Order. I perceive that the purpose of the amendment is to get the principle of good taste and decency across in debate. If we start down the line of itemising individual and subjective judgments about which programmes fit into which category, we shall be here all day. I plead with hon. Members to get back to the principle of the amendment.
I rise briefly to address points that may already have been covered. I want to return to a point that I made earlier, but I will not test hon. Members' patience. I can make my point at Third Reading if I catch the Speaker's eye.
I have expressed concern that there are two Bills, when everything could have been put into one. Ofcom could have been set up on 1 March, with its regulatory powers to be taken on 1 August. That would have been better and clearer. However, Ofcom is being set up without anyone knowing what it will do, or what powers it will assume. My hon. Friend the Member for Esher and Walton touched on some important issues when he said that clause 2(1) referred to the regulation of communications and
the implementation of, or for securing the modification of, any relevant proposals about the regulation of communications.
That leaves the role of Ofcom potentially wide, and certainly vague.
I am glad that my hon. Friend raises that point. Has he seen the article in a recent issue of The House Magazine concerning the Federation of the Electronics Industries? The article states:
Ofcom must ensure that long-term infrastructure is not stifled by unbalanced consumer-driven legislation.
During the period of setting Ofcom up, what consideration will be given to that? No guidance has been given with regard to the main Bill in terms of directing the coverage of the wider sphere for which Ofcom will be responsible.

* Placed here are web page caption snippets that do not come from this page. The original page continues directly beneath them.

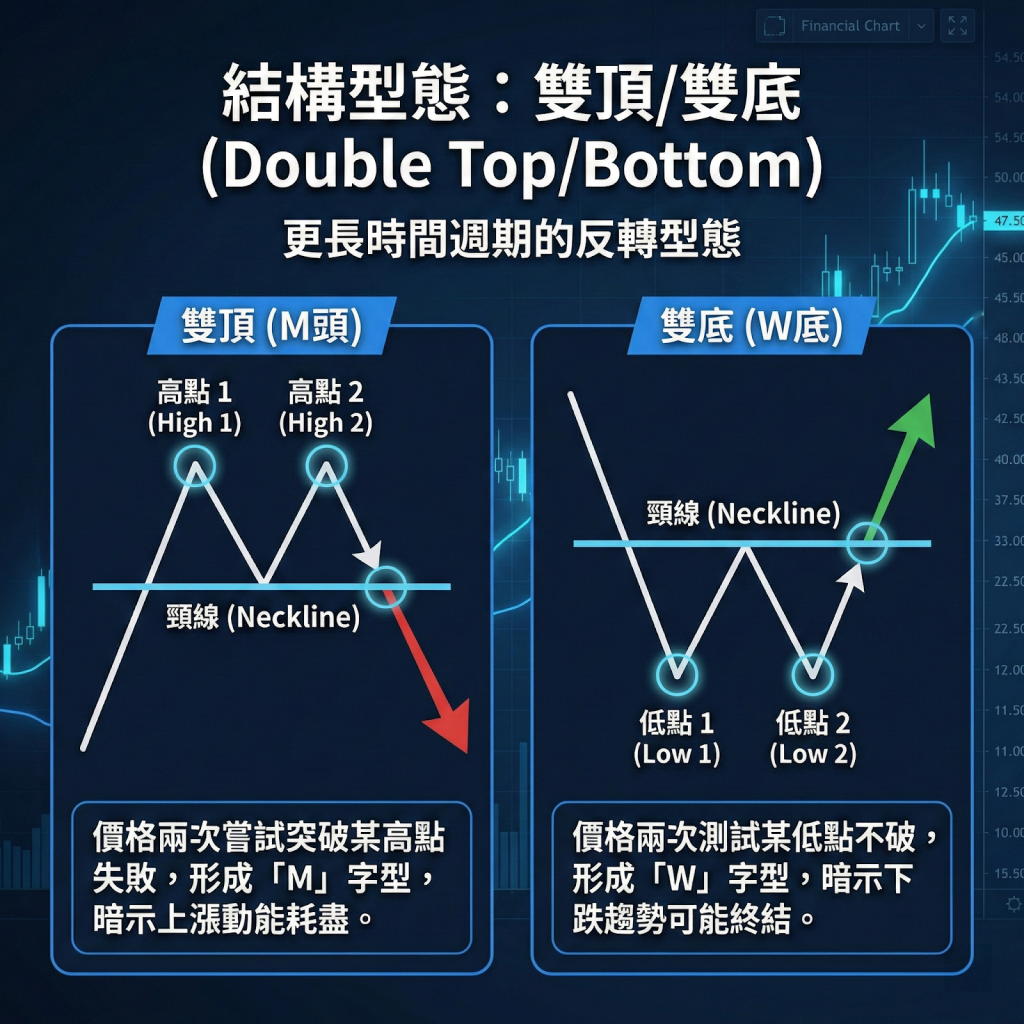 結構型態：雙頂/雙底 (Double Top/Bottom)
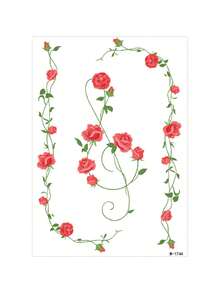 1 Sheet Leaf Vine Temporary Tattoo Stickers For Women, Waterproof Long-Lasting, Roses And Floral Designs, Spring&Summer Decoration Additions, Delicate And Exquisite, Suitable For Arms, Wrists, Insteps, Collarbones, Backs, Fake Tattoos - MultiWarna - View 18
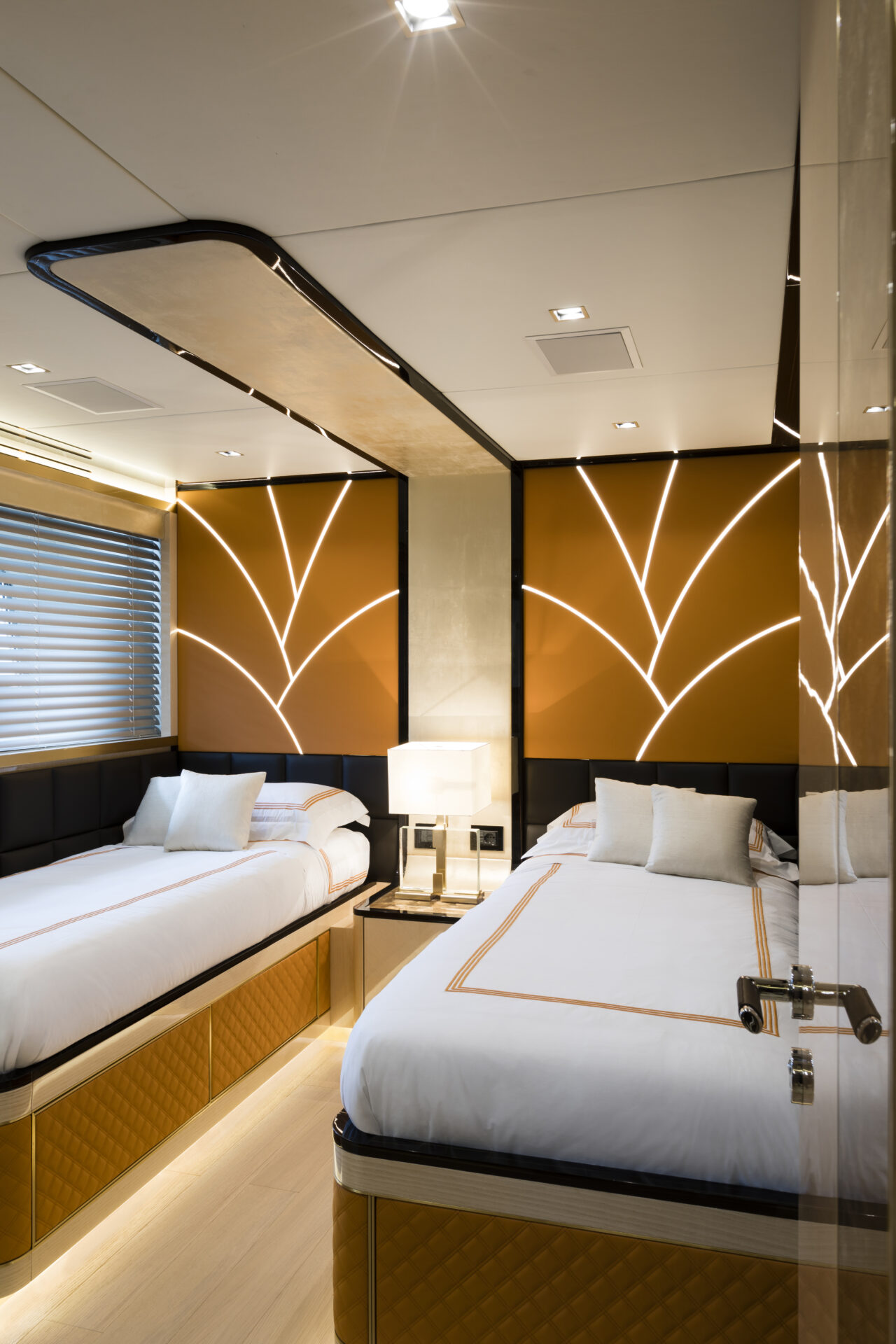 Luxury Mangusta yacht cabin interior design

I had not seen that article, but my hon. Friend raises a good point. We are uncertain as to the role of Ofcom, because we do not know what will be in the main Bill. Although the White Paper is an interesting and comprehensive document, it does not make up the main Bill; nor does it go into detail about what the Bill will state.
My hon. Friend the Member for Vale of York, who has had to leave the Committee for a few minutes to attend a Select Committee, referred to uncertainty about staffing. The Committee has accepted that it is important for Ofcom to attract the best staff—every organisation wants to do so—and it may expect to attract the best staff from existing regulators. However, there is uncertainty because we do not know what Ofcom will do. I do not know whether my hon. Friends share my concern, but it seems uncertain whether staff would be persuaded to leave existing regulators to join a body when they do not know what that body will be doing.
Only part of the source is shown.